When you’re creating the grid you can drag your mouse to size the polygon – make sure the ‘light’ side is facing you (games only draw 1 side of the polygon and it’s the light side). Then after you’ve chosen the size of the polygon you can drag your mouse further and you’ll add more & more polygons in a grid fashion. In ‘polygon’ modelling, I only have 2 polygons to start with.
The reason for this is, look at this panel:
You’ll notice you have an option for ‘Symmetry’, below it is ‘Smoothing’, I don’t need to cover that with a demonstration – by clicking it you can ‘smooth’ out your model, useful for high polygon project – ‘0’ is no smoothing, ‘7’ is insanely high smoothing (which will take a lot of processing, but useful for sculpting).
In that bar you see ‘select edges’
You’ve got 5 selection types, In this order:
Object, Face, Edge, Point, Auto
Auto will select an edge, point or face, depending on what you click on.

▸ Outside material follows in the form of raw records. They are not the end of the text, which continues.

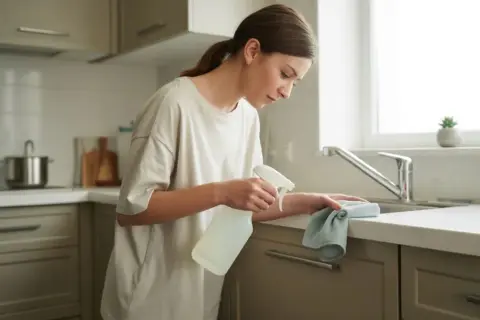 Czym myć szafki kuchenne z połyskiem, aby nie zniszczyć ich blasku?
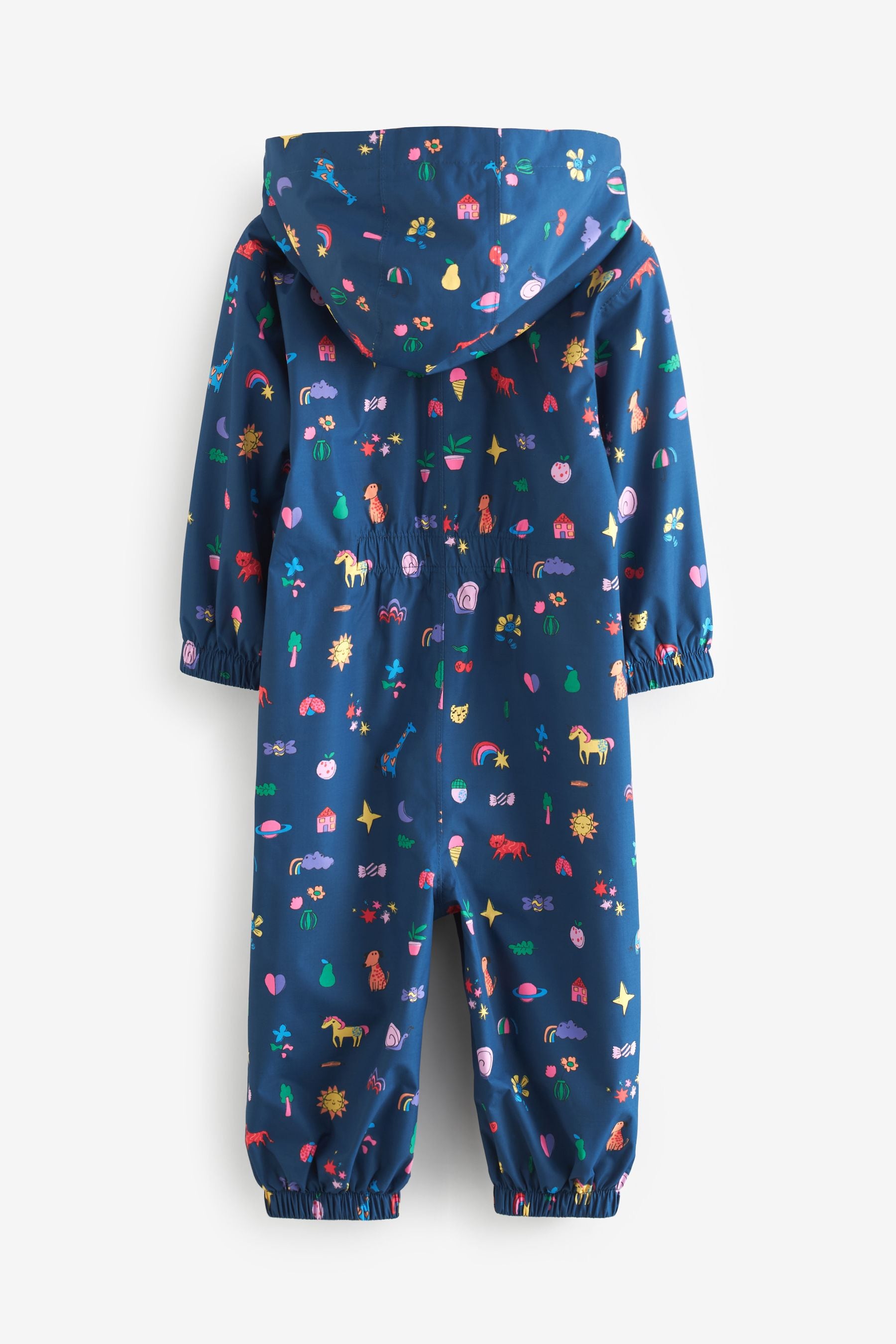 Navy Waterproof Puddlesuit (3mths-7yrs)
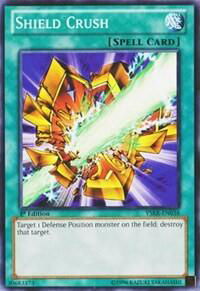 Shield Crush - Starter Deck: Kaiba Reloaded (YSKR) #YSKR-EN038 - Common / Short Print YuGiOh Trading Card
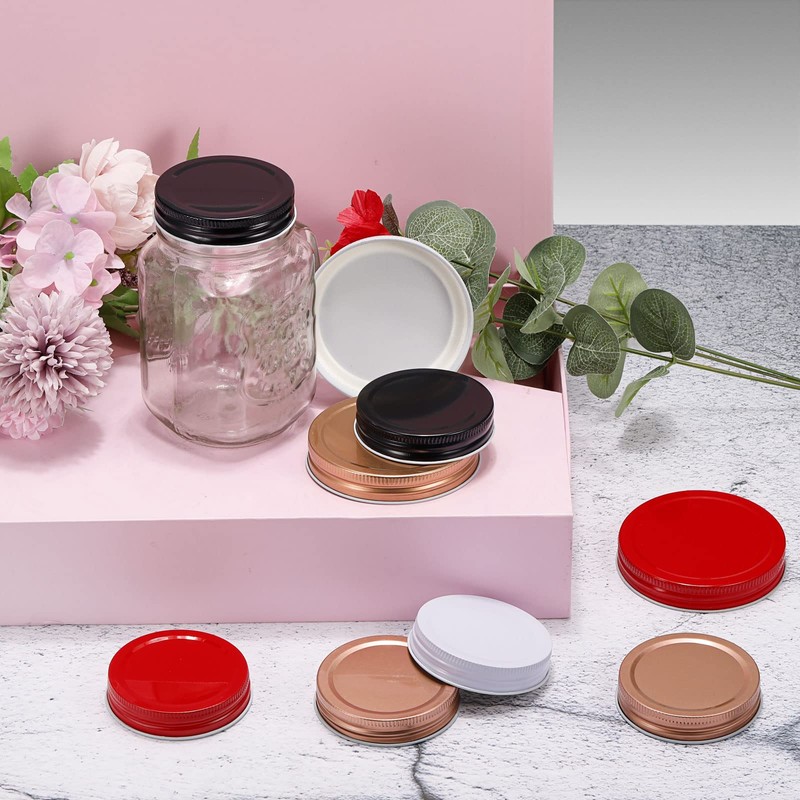 uxcell Mason Jar Lids, 70mm/2.76" Regular Mouth Tin Plate Caps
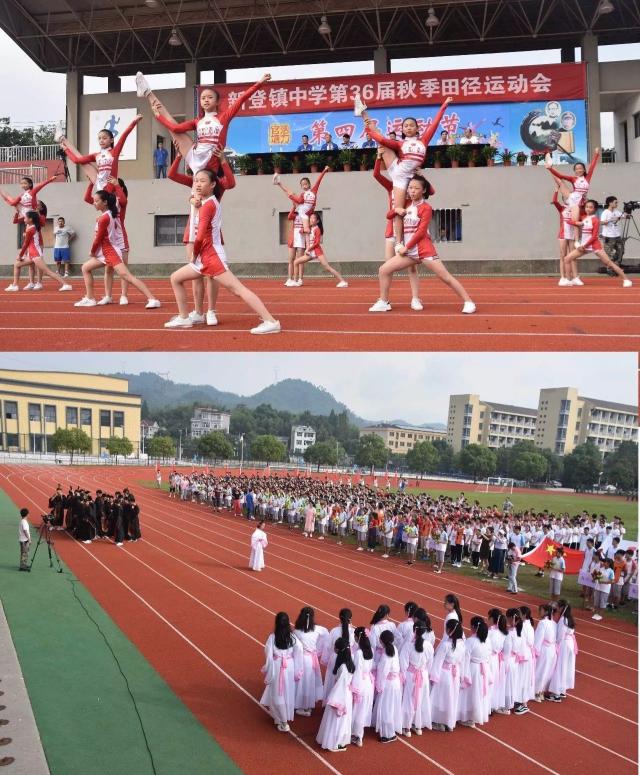 青春飞扬!富阳校园的运动会入场式真精彩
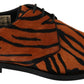 Dolce & Gabbana Tiger Pattern Dress Shoes with Pony Hair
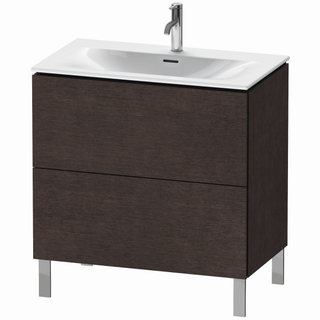 DU WTU L-Cube boden.,704x820x481mm 2Auszüge, eiche dunkel geb. ES Ahorn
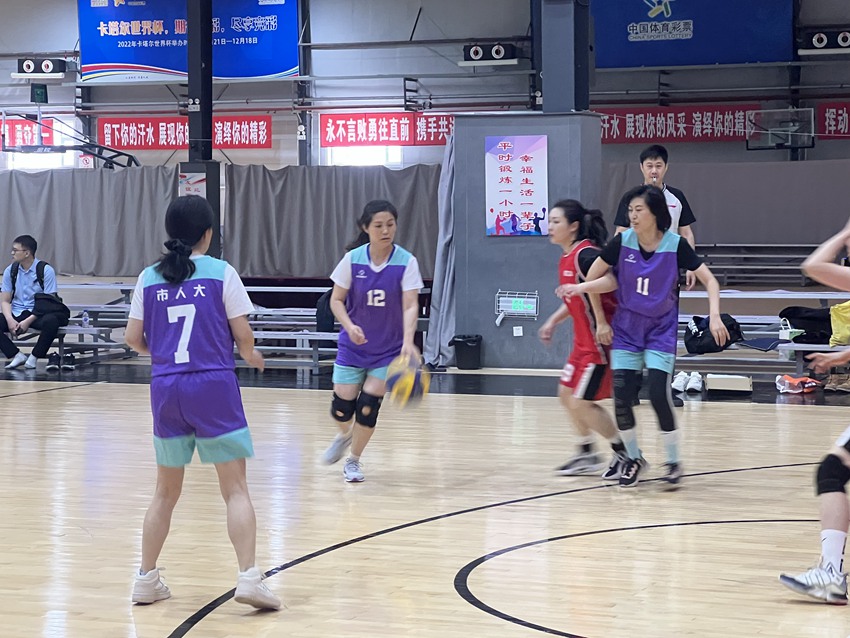 2023年5月，参加长春市第一届运动会（市直机关职工组）篮球赛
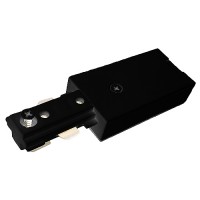 Track lighting Architectural Black live end power feed connector 3-wire H-style single circuit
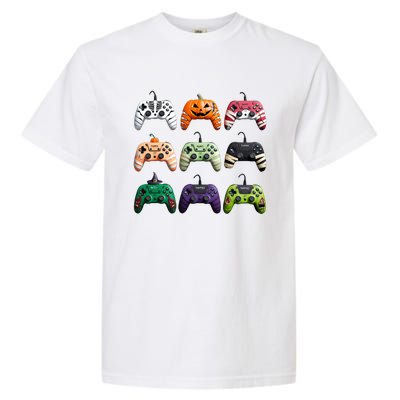 Halloween Skeleton Zombie Gamer Fun Design Garment-Dyed Heavyweight T-Shirt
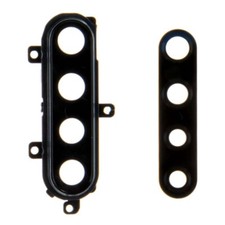 Glass Camera Lens with Bracket Back for Samsung Galaxy A21 Black Repair Part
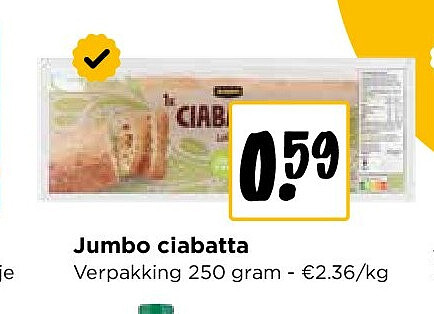 Jumbo ciabatta
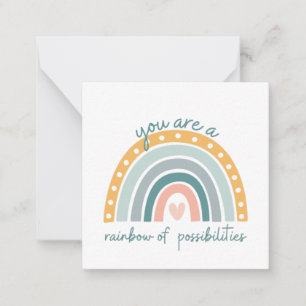 Cartão De Notas Arco-íris de Possibilidades - Pastel Positive Vibe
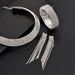 2024 Fashionable Luxurious Full Diamond Shiny Rhinestone Collar Necklace Bracelet Tassel Earrings Set Bridal Accessories_ipsvogv.com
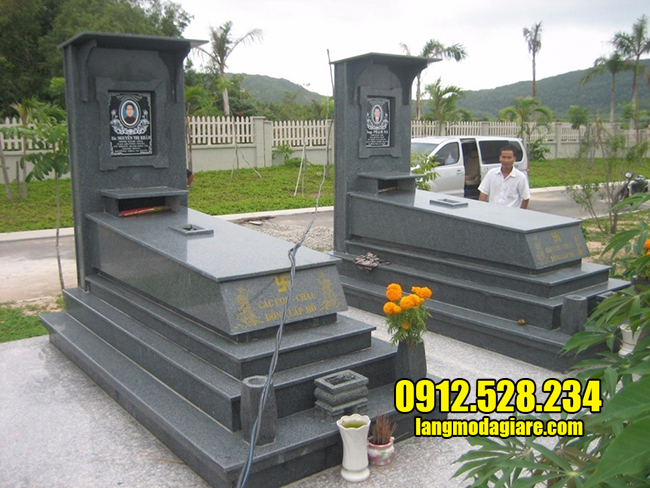 lăng mộ đá granite Ninh Vân Ninh Bình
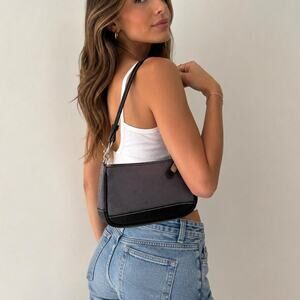 Vintage coach black baguette Shoulder Bag
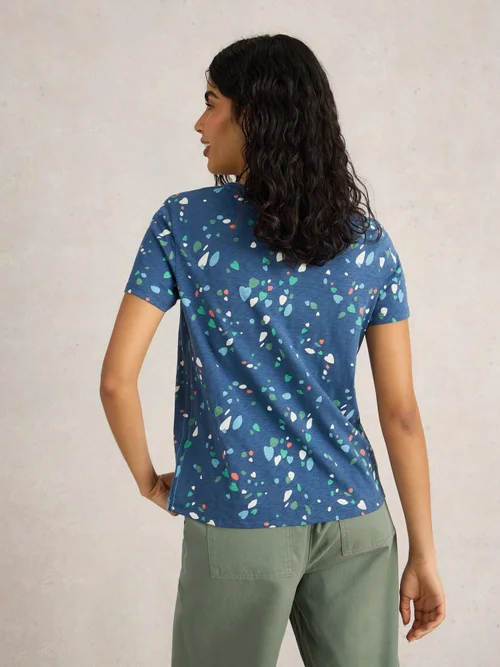 T-Shirt Nadia - Blue Pr - 52 Bild 4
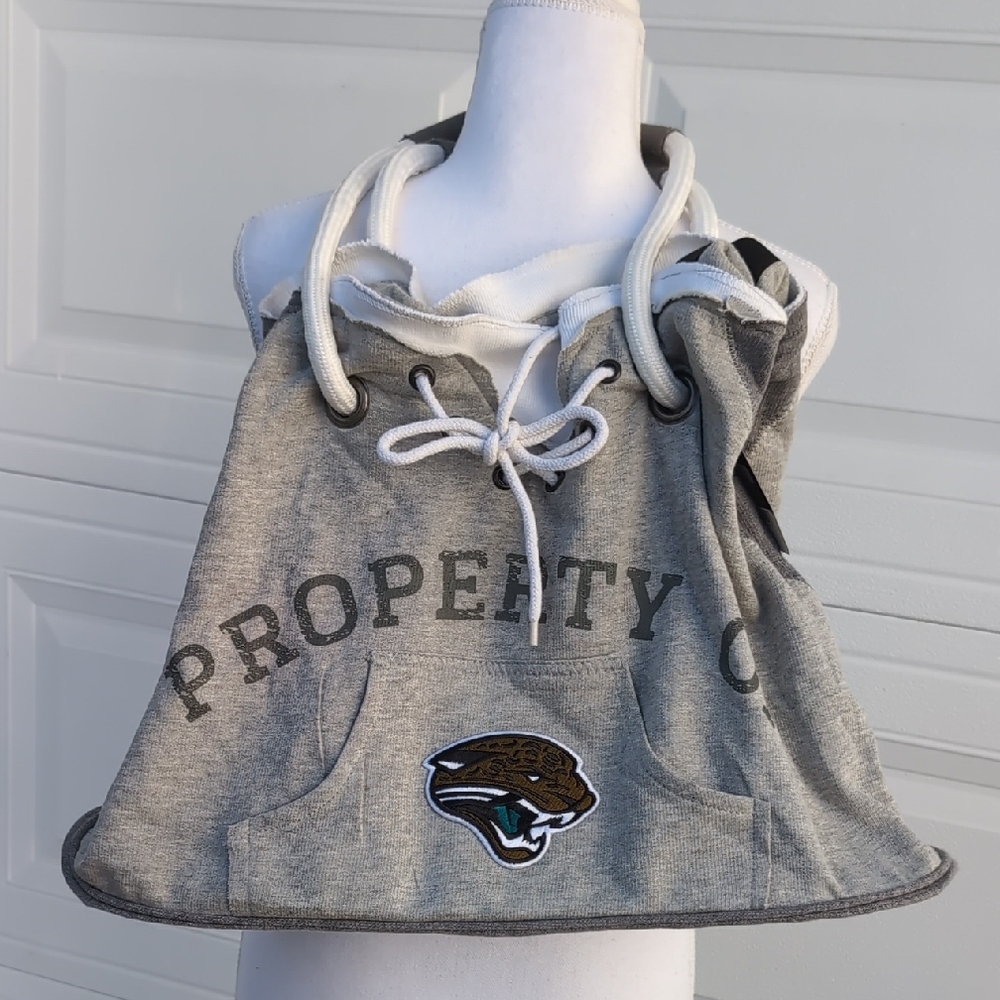 NFL Gray Hoodie Bag with Jacksonville Jaguars Football Sports Logo NWT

Is used to manipulate your object, face, edge or point. In this order:
Move, Rotate, Scale, Universal Manipulator, Hide Manipulator.
Your manipulator is this:
At least that’s the ‘Universal’ manipulator, which allows for move, scale & rotate.
Finally, you’ll want to know how to move the camera:
Manipulator Mode (can manipulate object), Rotate Camera, Move Camera, Zoom Camera.
Shortcut keys (I prefer this), Alt + Left Click = Rotate, Alt + Right Click = Move, Scroll Wheel = Zoom (or Alt + Middle Click)
The next tool I want to show you is called the ‘Edge’ tool. Naturally, you’ll need to be in ‘select edges’. Hit the ‘Vertex Modelling’ tab.
You’ll spot the ‘Edge Tools’ there. Click on an edge and then click ‘Edge Tools’. You’ll get a choice of tools, select the top one. Now click and drag on the selected edge and you’ll see you’ve got a new edge.
The next tool is: Fast Extrude. There are other extrudes you can play with. An ‘extrude’ can be used on a face or an edge.
You can see on our model – I’ve extrude an edge upwards and a face across. Extrudes can work on multiple faces & edges too.
Like these 2 edges
Or these 2 faces
Now, lets say on the back of the model here:
We wanted a polygon between these 2 edges? We’d use something called a ‘Bridge’. Just select the too edges and click on the bridge tool.And you’ll get this face:
The last tool I’d like to demonstrate is the ‘Target Weld’ tool. This can be used with ‘point selection’.
Lets say I wanted to merge these 2 points?
I’d select one of them. (I’ve selected the left). I’d then click ‘Target Weld’ and then click on the point I want to weld the selected point to.
And this is the result
There are a whole array of other vertex tools you may wish to play around with, but the tools I’ve shown you are the main ones I use for modelling anything. For example:
This head was created only using the tools I’ve shown.
That’s where I’ll leave this tutorial. But now you should know the tools you have under your belt, so go wild!